Yes they are long, but just so amazing to watch.  No, this is not me, just something I stumbled upon surfing youtube and though I'd share.  I wish I had that kind of skill.


----------



## garyinhere (Oct 23, 2010)

he did an amazing job!


----------



## Kantastic (Oct 23, 2010)

/Speechless


----------



## JanJan (Oct 23, 2010)

lol is it a good idea to let sparkles fly at the drives like that?


----------



## DanishDevil (Oct 23, 2010)

That was incredible.
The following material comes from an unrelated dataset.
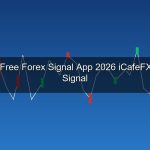 cover forex 170 1775859294 1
Makes me want to learn some fabrication and do the same thing


----------



## newtekie1 (Oct 23, 2010)

JanJan said:


> lol is it a good idea to let sparkles fly at the drives like that?



The drives used in the build process were just dummy drives to get the spacing right.  He swapped in the real drives once everything was done.  Chances are the drives he used in the build process weren't even functional to begin with, or were probably so old and small it didn't matter if they were killed in the process.  Hell he slams them down on the table right at the beginning, that can't be good for them.


----------



## JanJan (Oct 23, 2010)

ah here go the real drives in the 2nd vid haha


----------



## PhysXerror (Oct 23, 2010)

Ive always wanted to build something like this, would be kicka$$!


----------



## (FIH) The Don (Oct 23, 2010)

i think that guy is a metalworker of some sort

you just dont get that skill over night


----------



## Chicken Patty (Oct 23, 2010)

Yeah, I agree with don.  He's got some experience with fabbing/metals.  It's amazing what he did though, I'm speechless!


----------